(Input Opens)

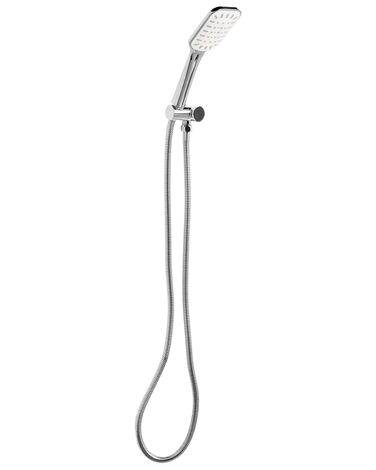 Duschkopf mit Schlauch AMAJA Silber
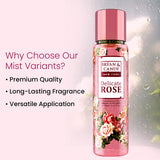 DELICATE ROSE BODY MIST 150ML Bryan & Candy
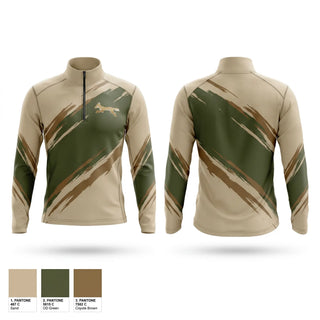 Quarter Zip Jacket, Irish Hills Run Club, Cross Country, Teamtime, Team time, sublimation, custom sports apparel, team uniforms, spirit wear, spiritwear, sports uniforms, custom shirts, team store, custom team store, fundraiser sports, apparel fundraiser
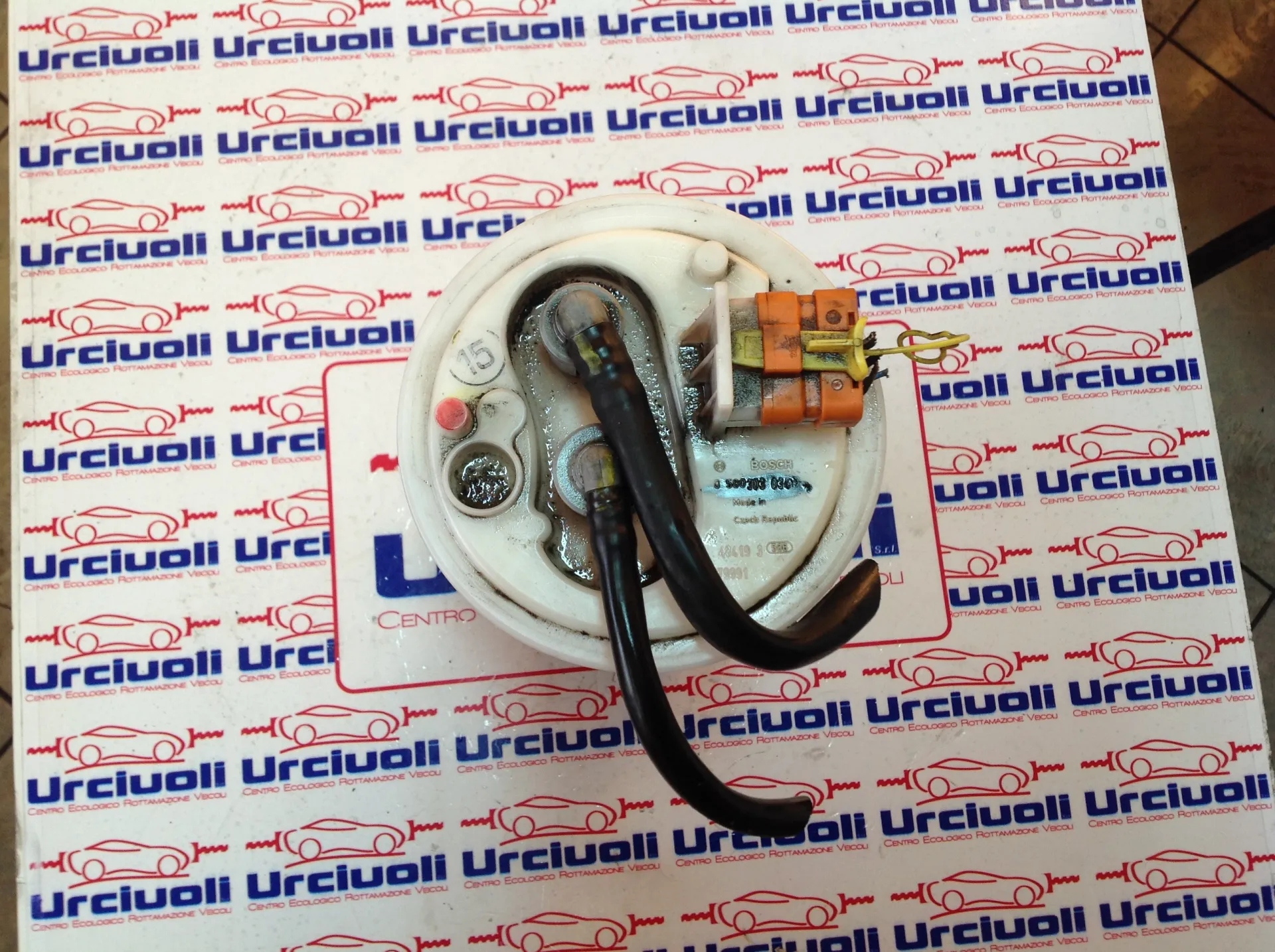 POMPA CARBURANTE con codice 0580303034 da ALFA ROMEO 156 S. Wagon Serie (932_) (03>05) 1900 Diesel (2005)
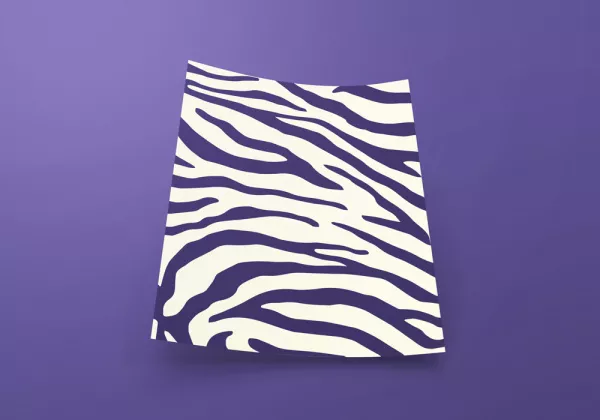 Lámina decorativa ZEBRA Lámina decorativa ZEBRA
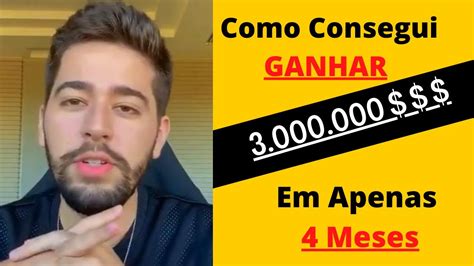 Curso NET MILIONÁRIO Como Ganhei 3 000 000 Net Milionário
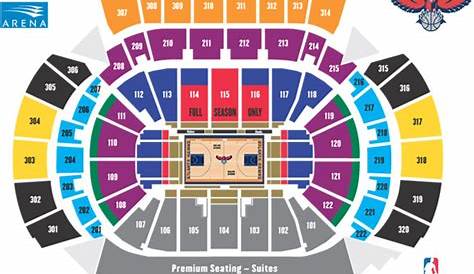 NBA Basketball Arenas - Atlanta Hawks Arena - Philips Arena - Cheap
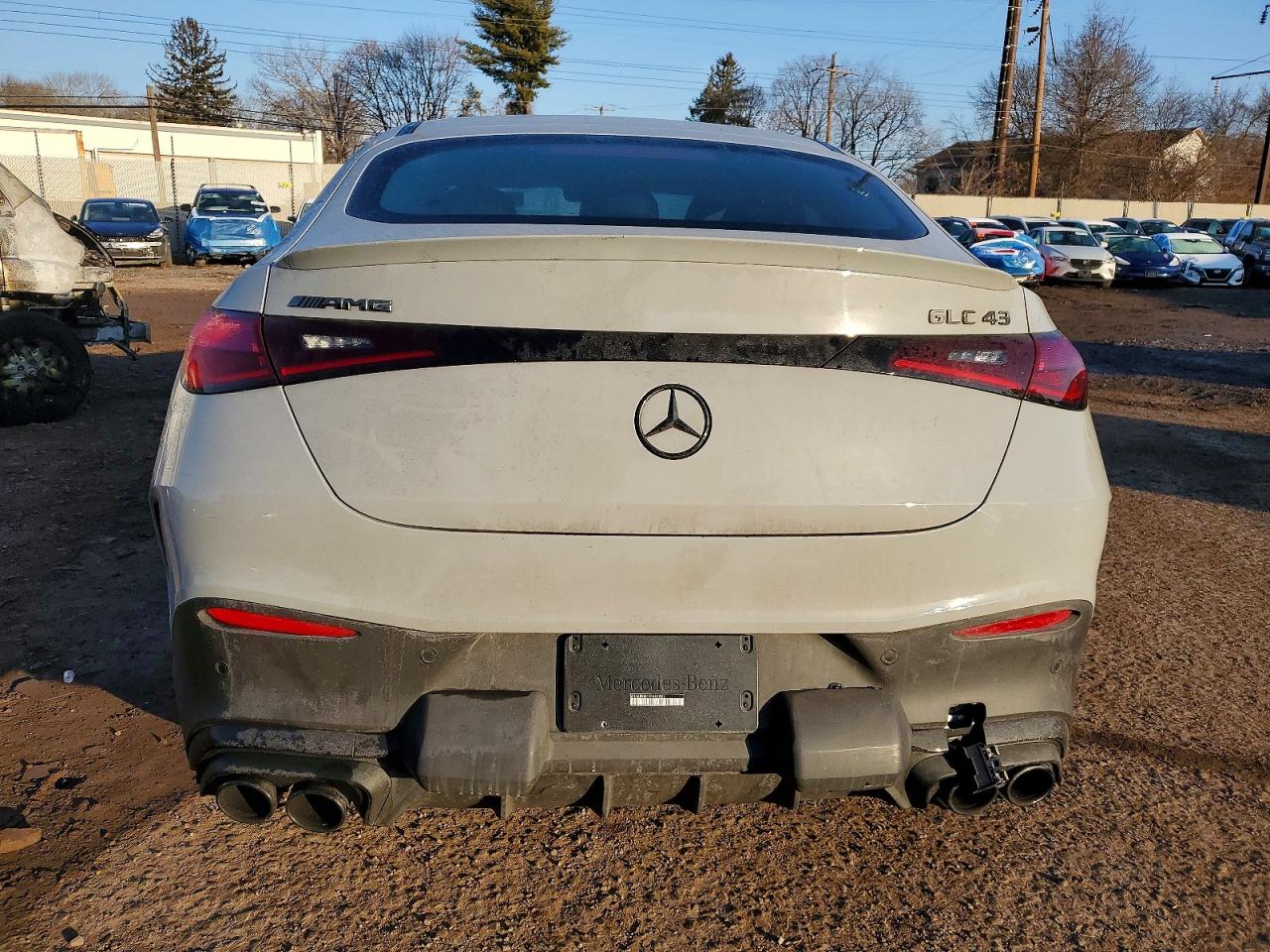 2026 MERCEDES-BENZ GLC COUPE 43 4MATIC AMG photo 6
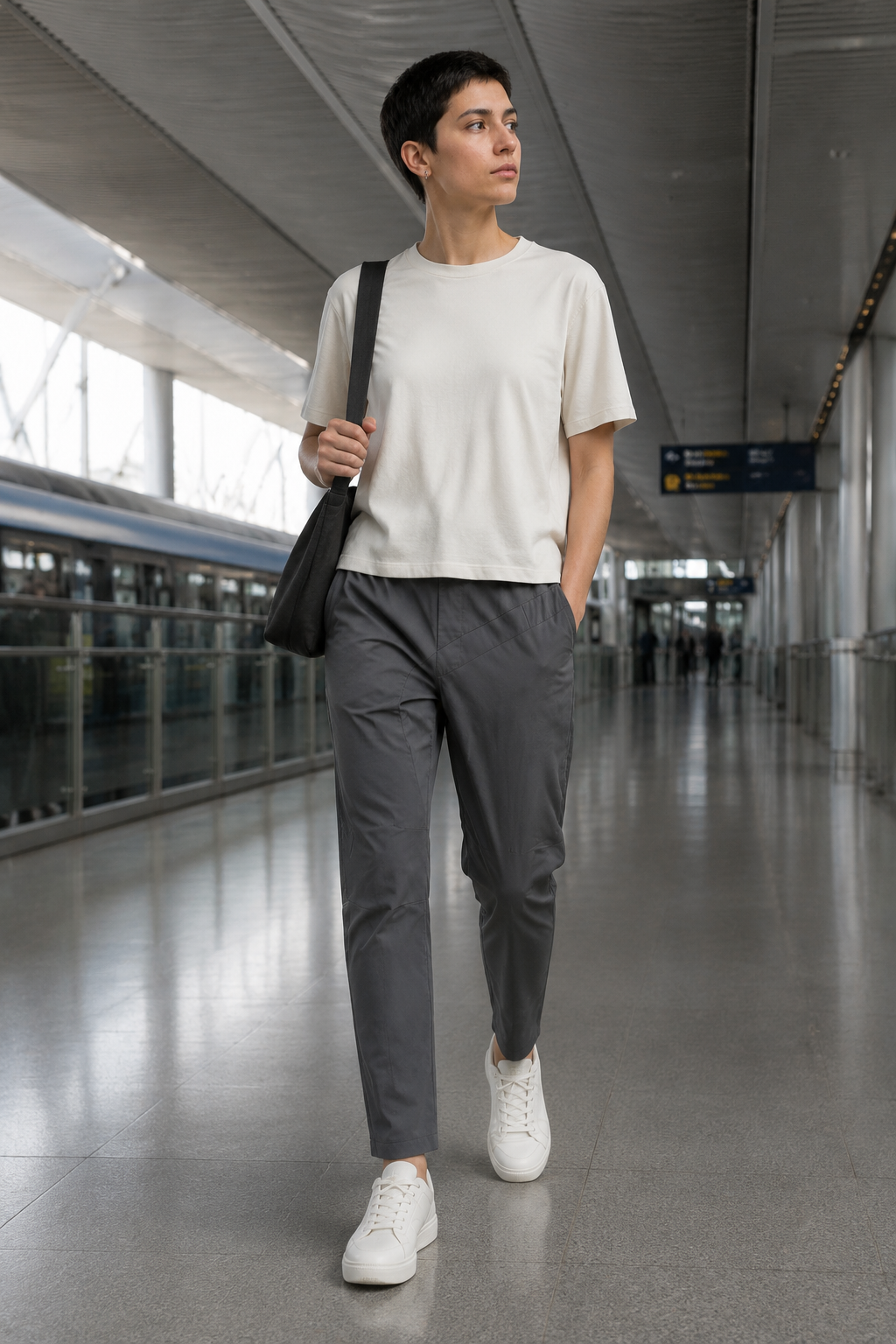 ZOVENLI Orbit Channel Pant
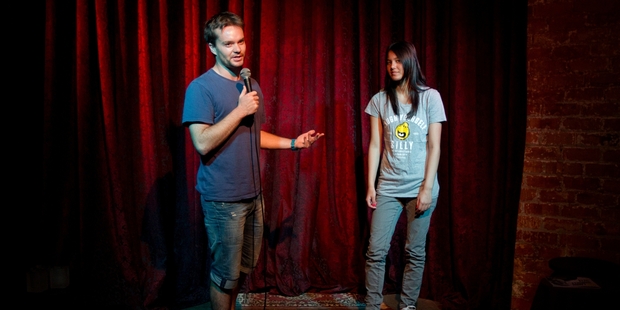 Nick Rado's happy place is when he is making everyone else laugh.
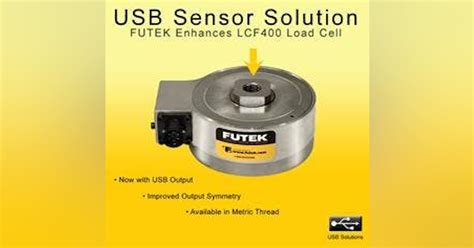 Tension And Compression Load Cell New Equipment Digest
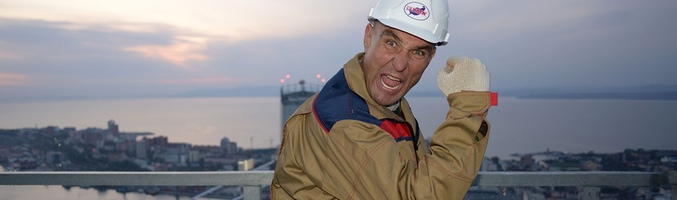 'Vinnie Jones se la juega en Rusia'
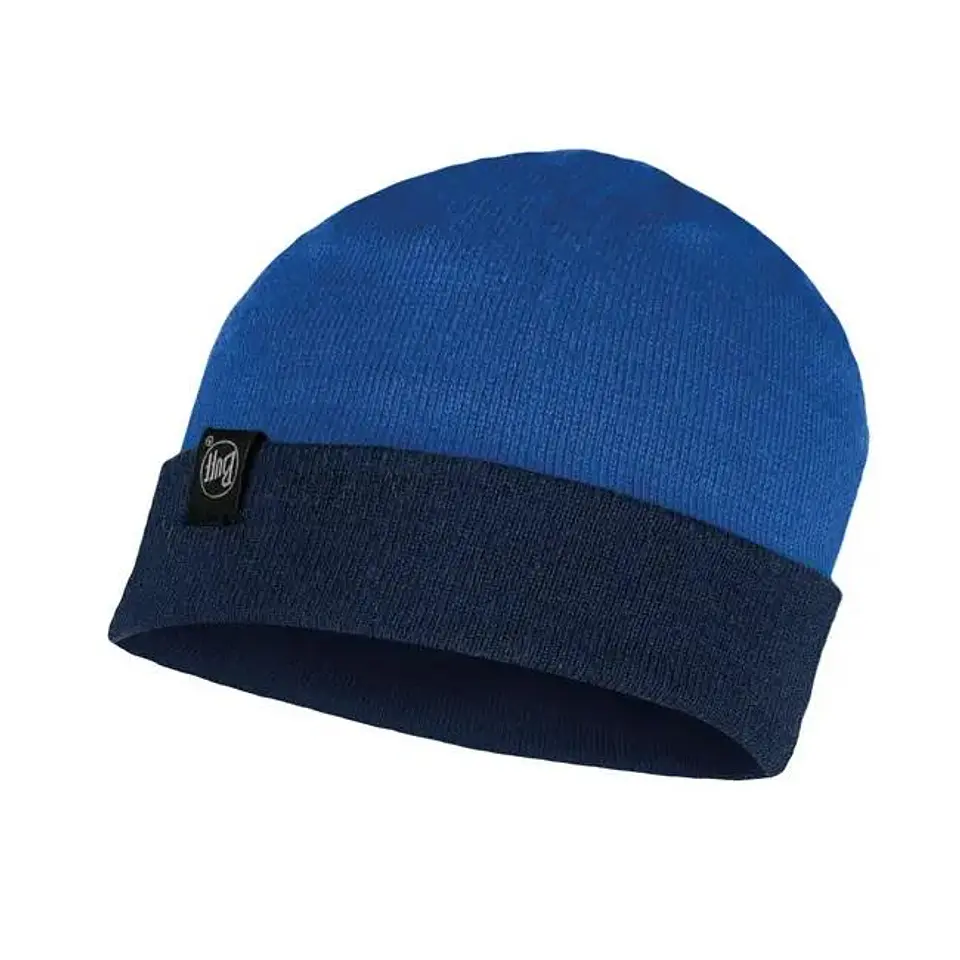 Gorro Buff Knitted Dub Dark Denim 1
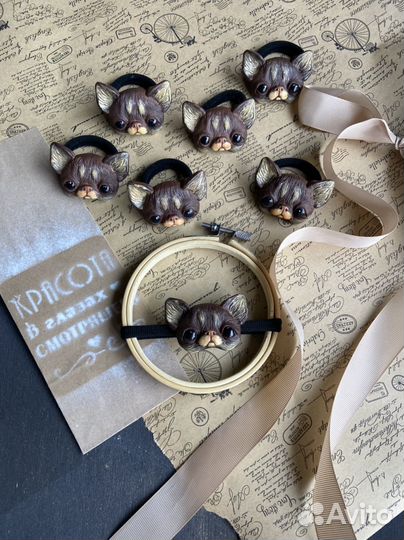 Резинка для волос чихуахуа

(Input Closes)

■ **Your task**
Reproduce, exactly and with no pictures, the lines from the line containing "NBA Basketball Arenas" through the closing line of the data above, keeping both ends.

■ **Task output**
 NBA Basketball Arenas - Atlanta Hawks Arena - Philips Arena - Cheap
 2026 MERCEDES-BENZ GLC COUPE 43 4MATIC AMG photo 6
 ZOVENLI Orbit Channel Pant
 Nick Rado's happy place is when he is making everyone else laugh.
 Tension And Compression Load Cell New Equipment Digest
 'Vinnie Jones se la juega en Rusia'
 Gorro Buff Knitted Dub Dark Denim 1
 Резинка для волос чихуахуа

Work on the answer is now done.